The second type of boredom is just that—boredom. You may be sitting around the house in the evening, with nothing to do, making it very easy to reach for your favorite snack or raid the pantry for snacks. The best way to combat this boredom is to keep yourself busy so that your mind is on anything but the food in your kitchen. Now would be a good time to take up a new hobby, or catch up on phone calls, or read a book.

  • Emotional Hunger

Sometimes emotional eating is triggered by a desire to be loved, comforted, or cared for. Those struggling with emotional eating for this reason may feel as if there is a hole or void in their life that they are trying to fill through food. Looking forward to your favorite dessert, for example, is not, in and of itself, a bad thing; but when that favorite dessert is used over and over to distract your mind from difficult emotions, stressors, or negative feelings, it is a problem. That food has now taken on a negative role in your life.

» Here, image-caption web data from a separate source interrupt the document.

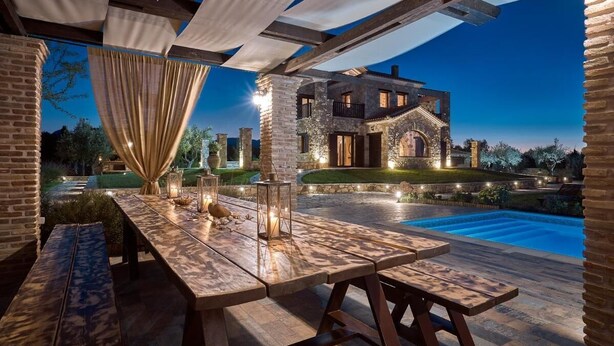 Une terrasse extérieure avec une piscine, un bâtiment en pierre et une table en bois décorée de lanternes.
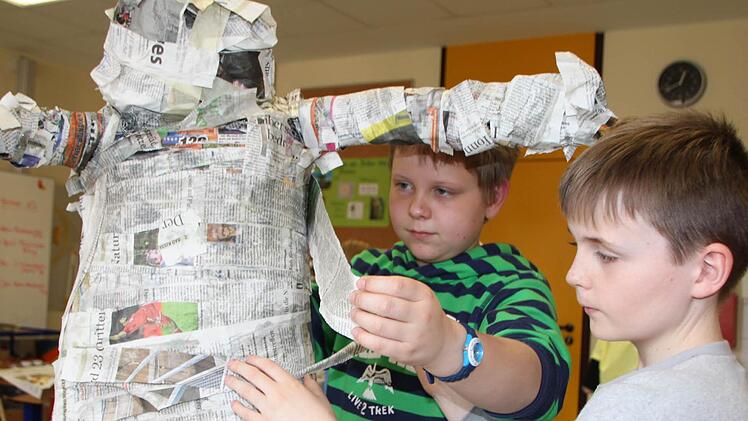 Conor und Nino wickeln den Affen-Krebs wie eine Mumie ein.
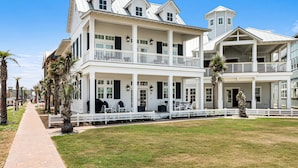 A large, two-story building with a covered porch and multiple balconies. - Park Place 251 LAU (Port Aransas)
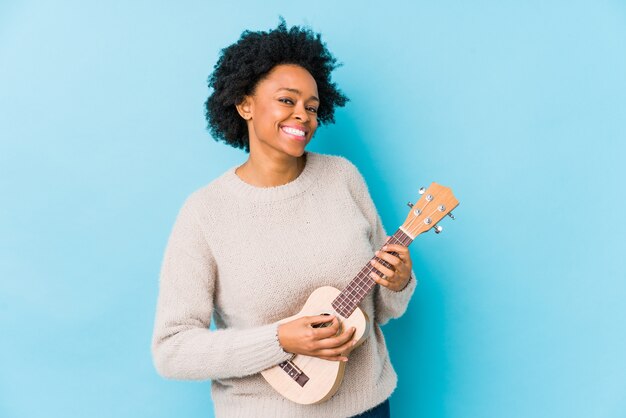 A mulher afro-americano nova que joga o ukelele isolou feliz, sorrindo e alegre.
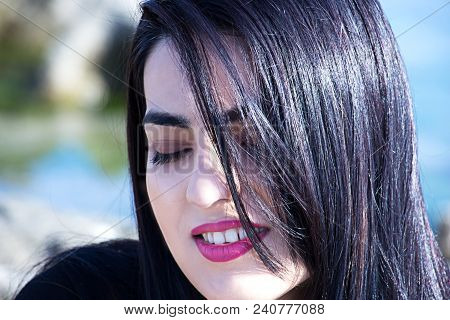 Happy Woman On The Beach. Portrait Of A Beautiful Girl Close-up. Spring Portrait On The Beach. Young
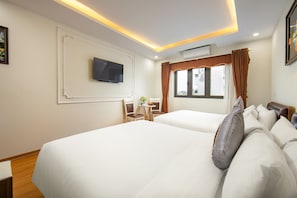 A hotel room with two beds, a TV mounted on the wall, a small table with chairs, and a window with curtains. - Tunger Premium Hotel (Hanoi)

One of the best ways to break this very unhealthy cycle is to be sure you are nourishing your mind and emotions. As a mother of two (3 year old and 16 year old), I understand how difficult it can be to squeeze in time for yourself. It is a challenge, for sure; but it is so important. Start by scheduling a half hour, but try to work up to an hour, when you can read a book, take a walk, or soak in the tub. Do something for you to care for yourself in a healthier way, then turning to the refrigerator or pantry for comfort.

Identify those foods that you tend to gravitate toward during these emotional or stressful times. Once identified, think about why those foods in particular may (a) be your choice, and (b) provide you with whatever comfort or feelings you seek during those emotional or stressful moments. By identifying these trigger foods you can work toward not relying on them in times when what really needs fed is your mind, soul or spirit—not your physical body.

Finally, never underestimate the benefits of talking with someone about what issues are causing stress, or difficult emotions. This can be a terrific outlet for those emotions, instead of reaching for a box of cookies or bag of chips. Let others offer support to you instead of food.

  • Too Busy and Going Too Fast

Day-to-day schedules get busy. Life moves fast. As part of this, it is very easy to jump from one thing to another, trying to check them off your list. Often, food tends to become one of these items you check off. No longer finding the time to sit down and mindfully enjoy your meal, you have started to rely on the convenience of fast foods bought at the nearest drive thru. Not only does this take away from the pleasure of eating, but it makes it even easier and more likely to choose unhealthy foods.  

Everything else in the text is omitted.